La Belgique a cette particularité de mener deux plans stratégiques nationaux dans le cadre de la Pac 2023-2027. Pour les agriculteurs wallons, une disposition mise en place dans le cadre des bonnes conduites agroenvironnementales (BCAE) pose un problème. La BCAE 5 vise à orienter les agriculteurs vers des pratiques de conservation des sols et de prévention de l’érosion. Si du côté flamand, la conditionnalité des aides aux mesures anti-érosion s’applique depuis 2015, cette obligation n’entre en vigueur que cette année en Wallonie. Les agriculteurs devront modifier la conduite des parcelles estimées à risque.

Des orientations complexes

Pour les terres agricoles classées à risque élevé, très élevé ou extrême d’érosion, les agriculteurs vont devoir créer des bandes anti-érosion, des couverts végétaux ou encore des « interlignes végétalisées » pour les prairies permanentes. Ils sont également incités à scinder certaines parcelles pour délimiter la partie la plus à risque, quitte à ne plus l’exploiter. Des orientations jugées complexes et qui sont surtout liées à une cartographie officielle des zones à risque d’érosion, largement remise en cause par les agriculteurs.

Les syndicats remontés

Si les agriculteurs wallons ne s’opposent pas sur le principe à ces mesures de lutte contre l’érosion, la méthode ne plaît pas. Plusieurs manifestations ont eu lieu ces dernières semaines, mises sur pied par les organisations syndicales. Marianne Streel, présidente du syndicat de la Fédération wallonne de l’agriculture (FWA), s’inquiète notamment de la baisse de production qui pourrait en découler. « Notre agriculture familiale prend de plein fouet toute une série de conséquences en cascade qui mettent en péril sa durabilité économique, environnementale et sociale », s’alarme-t-elle.

Sous la pression des syndicats, un groupe de travail a été mis en place par le ministre de l’Agriculture wallon, Willy Borsus, avec son cabinet, les syndicats et l’Administration. Le ministre a en outre entrouvert la porte à une révision de la cartographie. « La carte de sensibilité à l’érosion a été établie sur base d’un modèle de calcul solide scientifiquement.
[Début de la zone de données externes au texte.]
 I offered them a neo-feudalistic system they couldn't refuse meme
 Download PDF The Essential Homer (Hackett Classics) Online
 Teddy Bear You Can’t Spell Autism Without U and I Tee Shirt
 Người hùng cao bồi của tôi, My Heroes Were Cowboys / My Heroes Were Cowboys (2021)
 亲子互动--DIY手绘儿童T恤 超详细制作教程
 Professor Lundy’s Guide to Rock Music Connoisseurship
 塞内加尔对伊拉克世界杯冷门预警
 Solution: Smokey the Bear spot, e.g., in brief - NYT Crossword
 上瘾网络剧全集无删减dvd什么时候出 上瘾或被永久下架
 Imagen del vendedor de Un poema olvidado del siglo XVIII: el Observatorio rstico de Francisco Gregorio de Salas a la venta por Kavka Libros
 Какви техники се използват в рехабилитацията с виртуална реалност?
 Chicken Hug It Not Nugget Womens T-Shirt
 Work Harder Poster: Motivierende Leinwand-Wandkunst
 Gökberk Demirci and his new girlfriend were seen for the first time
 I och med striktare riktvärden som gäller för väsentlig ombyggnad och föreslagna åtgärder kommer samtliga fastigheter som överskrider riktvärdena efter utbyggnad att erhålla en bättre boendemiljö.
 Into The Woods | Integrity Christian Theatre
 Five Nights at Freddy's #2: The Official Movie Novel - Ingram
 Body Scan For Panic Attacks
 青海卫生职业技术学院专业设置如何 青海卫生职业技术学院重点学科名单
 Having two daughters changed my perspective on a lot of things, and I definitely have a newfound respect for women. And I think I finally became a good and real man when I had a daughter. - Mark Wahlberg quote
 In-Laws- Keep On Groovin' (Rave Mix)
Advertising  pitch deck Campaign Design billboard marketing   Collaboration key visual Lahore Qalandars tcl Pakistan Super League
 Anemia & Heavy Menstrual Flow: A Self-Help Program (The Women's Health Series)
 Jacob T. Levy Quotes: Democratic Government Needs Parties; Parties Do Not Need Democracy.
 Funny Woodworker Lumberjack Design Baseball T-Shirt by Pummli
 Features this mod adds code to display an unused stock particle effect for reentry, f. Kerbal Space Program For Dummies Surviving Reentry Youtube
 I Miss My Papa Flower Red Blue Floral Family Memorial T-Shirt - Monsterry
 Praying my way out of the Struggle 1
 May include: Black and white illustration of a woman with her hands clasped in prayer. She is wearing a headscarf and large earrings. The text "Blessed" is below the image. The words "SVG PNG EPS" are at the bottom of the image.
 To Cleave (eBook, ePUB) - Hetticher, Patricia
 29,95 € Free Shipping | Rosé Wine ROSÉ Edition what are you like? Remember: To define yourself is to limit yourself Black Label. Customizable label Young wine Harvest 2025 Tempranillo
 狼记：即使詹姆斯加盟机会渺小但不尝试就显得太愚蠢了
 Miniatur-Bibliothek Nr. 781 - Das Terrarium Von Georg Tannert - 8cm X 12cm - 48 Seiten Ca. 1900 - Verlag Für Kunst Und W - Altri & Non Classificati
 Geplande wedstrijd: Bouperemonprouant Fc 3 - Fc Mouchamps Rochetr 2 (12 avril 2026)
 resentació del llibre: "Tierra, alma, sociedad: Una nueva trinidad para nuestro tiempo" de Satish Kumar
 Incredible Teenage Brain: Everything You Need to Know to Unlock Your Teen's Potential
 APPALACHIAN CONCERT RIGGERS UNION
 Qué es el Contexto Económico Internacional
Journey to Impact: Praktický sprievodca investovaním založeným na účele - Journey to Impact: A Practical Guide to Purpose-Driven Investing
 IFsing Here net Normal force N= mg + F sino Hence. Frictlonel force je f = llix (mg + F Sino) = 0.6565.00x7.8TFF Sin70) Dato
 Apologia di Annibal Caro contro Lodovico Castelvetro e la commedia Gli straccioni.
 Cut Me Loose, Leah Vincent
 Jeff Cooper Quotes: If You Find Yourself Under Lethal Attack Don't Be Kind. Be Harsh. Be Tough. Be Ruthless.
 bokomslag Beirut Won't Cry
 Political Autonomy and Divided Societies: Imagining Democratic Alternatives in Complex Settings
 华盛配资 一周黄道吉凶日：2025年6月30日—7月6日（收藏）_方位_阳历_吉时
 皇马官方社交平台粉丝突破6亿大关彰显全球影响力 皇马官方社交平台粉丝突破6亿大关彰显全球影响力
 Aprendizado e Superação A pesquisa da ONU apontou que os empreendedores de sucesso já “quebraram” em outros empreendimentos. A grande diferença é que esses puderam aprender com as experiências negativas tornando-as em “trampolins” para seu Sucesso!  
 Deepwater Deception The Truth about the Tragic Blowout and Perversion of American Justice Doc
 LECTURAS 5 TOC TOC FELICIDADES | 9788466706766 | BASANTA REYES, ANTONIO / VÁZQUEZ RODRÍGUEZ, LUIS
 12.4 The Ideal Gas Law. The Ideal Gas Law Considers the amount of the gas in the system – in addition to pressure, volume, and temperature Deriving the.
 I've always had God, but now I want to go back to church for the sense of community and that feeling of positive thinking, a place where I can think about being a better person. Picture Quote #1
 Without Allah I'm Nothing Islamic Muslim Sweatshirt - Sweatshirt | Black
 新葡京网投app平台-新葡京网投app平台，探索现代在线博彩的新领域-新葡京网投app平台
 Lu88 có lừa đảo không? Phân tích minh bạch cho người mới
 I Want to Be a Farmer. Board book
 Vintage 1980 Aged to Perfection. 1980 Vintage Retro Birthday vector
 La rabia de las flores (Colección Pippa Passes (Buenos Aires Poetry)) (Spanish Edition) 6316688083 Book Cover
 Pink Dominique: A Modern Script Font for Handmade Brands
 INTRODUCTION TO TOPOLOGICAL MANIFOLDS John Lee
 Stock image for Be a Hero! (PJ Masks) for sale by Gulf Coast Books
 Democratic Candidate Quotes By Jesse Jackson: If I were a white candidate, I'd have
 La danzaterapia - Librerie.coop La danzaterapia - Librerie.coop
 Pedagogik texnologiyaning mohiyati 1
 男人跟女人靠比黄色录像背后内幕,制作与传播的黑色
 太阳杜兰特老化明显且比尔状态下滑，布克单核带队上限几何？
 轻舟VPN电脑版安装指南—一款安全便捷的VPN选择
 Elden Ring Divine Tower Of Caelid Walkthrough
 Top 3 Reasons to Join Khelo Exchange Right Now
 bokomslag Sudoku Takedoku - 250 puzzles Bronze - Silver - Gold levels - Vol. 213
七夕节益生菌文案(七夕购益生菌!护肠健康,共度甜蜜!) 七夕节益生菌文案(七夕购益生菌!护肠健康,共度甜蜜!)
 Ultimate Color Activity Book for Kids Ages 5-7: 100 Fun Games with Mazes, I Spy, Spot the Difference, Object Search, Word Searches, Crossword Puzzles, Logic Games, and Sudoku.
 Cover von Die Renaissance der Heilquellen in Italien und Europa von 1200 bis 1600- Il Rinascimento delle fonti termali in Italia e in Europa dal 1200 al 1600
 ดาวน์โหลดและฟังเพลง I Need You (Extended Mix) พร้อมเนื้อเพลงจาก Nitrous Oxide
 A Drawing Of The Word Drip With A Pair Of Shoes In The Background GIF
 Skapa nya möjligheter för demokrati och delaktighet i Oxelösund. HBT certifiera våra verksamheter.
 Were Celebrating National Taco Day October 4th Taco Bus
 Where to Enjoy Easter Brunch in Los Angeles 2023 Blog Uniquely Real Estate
Mais elle s’appuie sur une évaluation des sols nus et ça révèle un problème entre l’approche théorique et son approche sur le terrain », admet-il.

La justice en dernier recours

La FWA ne met toutefois pas tous ses œufs dans le même panier et se prépare à saisir la justice si les discussions du groupe de travail n’aboutissent pas. « Modifier, amender à très court terme cette BCAE 5 ainsi qu’atténuer ses effets négatifs sur notre agriculture est plus qu’une exigence », prévient Marianne Streel. Les terres wallonnes perdent en moyenne 2,3 tonnes de sol par hectare non artificialisé chaque année, un total qui a atteint 4 tonnes par hectare en 2021.